Toplumun bu anlamda teslim alınmasına dönük adımlar kadınlara yönelik saldırılarla gerçekleşiyor. Bununla birlikte kadınların ikincilleştirilmesi ve teslim alınması da ancak bir toplumsal dönüşümle sağlanıyor.
Laiklik, toplumun, yurttaşların, kadınların örgütlenebilmesi ve hesap sorabilmesinin, hak arama mücadelesinin zeminidir. Dünyayı ve yaşamı anlama, idrak etme ve değiştirme, dönüştürme iradesidir.
Laiklik, özgürlük için ön koşuldur. Kadının özgürlüğü cinsiyet, beden ya da salt bir bireysellikle sınırlandırılamaz. Böyle olduğu takdirde, gerici kuşatmayı kırmak ve toplumsal bir özgürlükten bahsetmek mümkün olmaz. Akıl özgürleşmedikçe, mutlaklık cenderesi parçalanmadıkça, eşit yurttaşlık zemini kurulmadıkça kadınların özgürlüğünden bahsetmek mümkün değildir.
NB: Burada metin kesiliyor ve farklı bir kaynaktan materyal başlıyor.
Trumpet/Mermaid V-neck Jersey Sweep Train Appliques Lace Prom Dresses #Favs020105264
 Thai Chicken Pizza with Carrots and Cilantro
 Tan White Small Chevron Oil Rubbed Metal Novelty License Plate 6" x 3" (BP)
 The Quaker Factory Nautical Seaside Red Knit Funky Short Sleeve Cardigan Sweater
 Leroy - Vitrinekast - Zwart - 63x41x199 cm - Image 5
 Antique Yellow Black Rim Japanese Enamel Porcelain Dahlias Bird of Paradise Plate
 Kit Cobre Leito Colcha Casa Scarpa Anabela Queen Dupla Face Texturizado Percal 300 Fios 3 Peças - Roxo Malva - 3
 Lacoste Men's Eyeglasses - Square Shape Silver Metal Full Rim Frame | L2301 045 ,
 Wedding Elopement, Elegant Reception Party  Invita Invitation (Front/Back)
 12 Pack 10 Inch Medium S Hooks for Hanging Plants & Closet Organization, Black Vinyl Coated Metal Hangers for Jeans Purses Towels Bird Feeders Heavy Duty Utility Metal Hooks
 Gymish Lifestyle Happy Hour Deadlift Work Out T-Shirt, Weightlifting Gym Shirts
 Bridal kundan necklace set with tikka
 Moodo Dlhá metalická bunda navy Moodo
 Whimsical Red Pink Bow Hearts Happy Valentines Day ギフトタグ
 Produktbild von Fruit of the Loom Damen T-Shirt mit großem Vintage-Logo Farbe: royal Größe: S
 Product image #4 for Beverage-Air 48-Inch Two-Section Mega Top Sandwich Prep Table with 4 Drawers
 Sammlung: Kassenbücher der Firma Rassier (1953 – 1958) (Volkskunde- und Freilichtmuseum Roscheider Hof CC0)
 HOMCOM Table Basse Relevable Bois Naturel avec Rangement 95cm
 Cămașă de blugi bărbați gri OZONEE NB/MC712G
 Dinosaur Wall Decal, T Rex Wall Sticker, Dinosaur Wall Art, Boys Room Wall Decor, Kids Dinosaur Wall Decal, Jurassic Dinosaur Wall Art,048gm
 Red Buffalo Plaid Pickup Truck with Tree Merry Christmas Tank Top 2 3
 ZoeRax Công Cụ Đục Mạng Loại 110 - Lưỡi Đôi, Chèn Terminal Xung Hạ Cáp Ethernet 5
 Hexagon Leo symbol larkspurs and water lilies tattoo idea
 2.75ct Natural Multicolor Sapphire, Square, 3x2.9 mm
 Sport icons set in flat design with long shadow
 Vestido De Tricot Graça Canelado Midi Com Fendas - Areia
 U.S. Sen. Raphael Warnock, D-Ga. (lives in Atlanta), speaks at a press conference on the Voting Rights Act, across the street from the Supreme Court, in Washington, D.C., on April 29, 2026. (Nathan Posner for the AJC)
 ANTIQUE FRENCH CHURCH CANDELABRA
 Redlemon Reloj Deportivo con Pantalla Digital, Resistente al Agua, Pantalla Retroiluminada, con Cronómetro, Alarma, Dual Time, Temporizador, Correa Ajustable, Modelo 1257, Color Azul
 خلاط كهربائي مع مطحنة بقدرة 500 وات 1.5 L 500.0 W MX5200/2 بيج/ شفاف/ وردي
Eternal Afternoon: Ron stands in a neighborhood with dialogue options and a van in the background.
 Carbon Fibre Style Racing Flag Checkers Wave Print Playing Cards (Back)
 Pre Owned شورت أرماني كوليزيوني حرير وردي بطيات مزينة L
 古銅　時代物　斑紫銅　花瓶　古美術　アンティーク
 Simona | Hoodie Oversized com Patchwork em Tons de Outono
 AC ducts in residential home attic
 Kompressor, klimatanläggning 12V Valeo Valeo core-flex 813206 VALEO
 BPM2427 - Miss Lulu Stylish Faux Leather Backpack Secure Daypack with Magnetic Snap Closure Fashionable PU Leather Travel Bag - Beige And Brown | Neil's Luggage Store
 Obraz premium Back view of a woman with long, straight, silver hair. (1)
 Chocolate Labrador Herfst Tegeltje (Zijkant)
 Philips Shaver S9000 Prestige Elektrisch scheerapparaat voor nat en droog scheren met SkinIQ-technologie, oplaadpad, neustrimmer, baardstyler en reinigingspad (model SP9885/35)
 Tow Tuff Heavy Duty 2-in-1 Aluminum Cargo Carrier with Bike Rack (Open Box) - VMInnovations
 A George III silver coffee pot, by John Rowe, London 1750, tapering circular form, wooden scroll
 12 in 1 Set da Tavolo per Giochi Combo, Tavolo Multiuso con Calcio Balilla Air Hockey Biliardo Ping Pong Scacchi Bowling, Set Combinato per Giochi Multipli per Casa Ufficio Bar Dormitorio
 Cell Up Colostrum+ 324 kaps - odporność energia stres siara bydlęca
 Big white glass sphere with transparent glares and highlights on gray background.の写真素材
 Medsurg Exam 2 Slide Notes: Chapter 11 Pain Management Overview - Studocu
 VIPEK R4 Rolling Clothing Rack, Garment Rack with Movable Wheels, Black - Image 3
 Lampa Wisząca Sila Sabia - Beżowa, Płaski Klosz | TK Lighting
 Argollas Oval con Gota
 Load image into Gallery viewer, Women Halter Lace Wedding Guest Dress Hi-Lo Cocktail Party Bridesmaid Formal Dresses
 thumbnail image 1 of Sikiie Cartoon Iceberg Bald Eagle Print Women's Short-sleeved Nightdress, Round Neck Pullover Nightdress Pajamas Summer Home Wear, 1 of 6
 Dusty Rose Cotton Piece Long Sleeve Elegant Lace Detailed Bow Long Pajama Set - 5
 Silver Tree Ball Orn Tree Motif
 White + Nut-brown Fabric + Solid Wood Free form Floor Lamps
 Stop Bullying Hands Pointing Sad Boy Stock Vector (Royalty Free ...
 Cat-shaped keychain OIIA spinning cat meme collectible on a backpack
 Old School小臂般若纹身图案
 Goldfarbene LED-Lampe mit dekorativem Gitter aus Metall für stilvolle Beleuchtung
Başa dönecek olursak, Cumhuriyet’in tasfiyesiyle birlikte ayağımızın altından çekilen zemin haklarımızı da beraberinde götürmüştür. Bu zemini çekenlere karşı yürütülecek mücadelede laiklik en başa yazılmalıdır. Zemini daha güçlü kurmanın çimentosudur çünkü.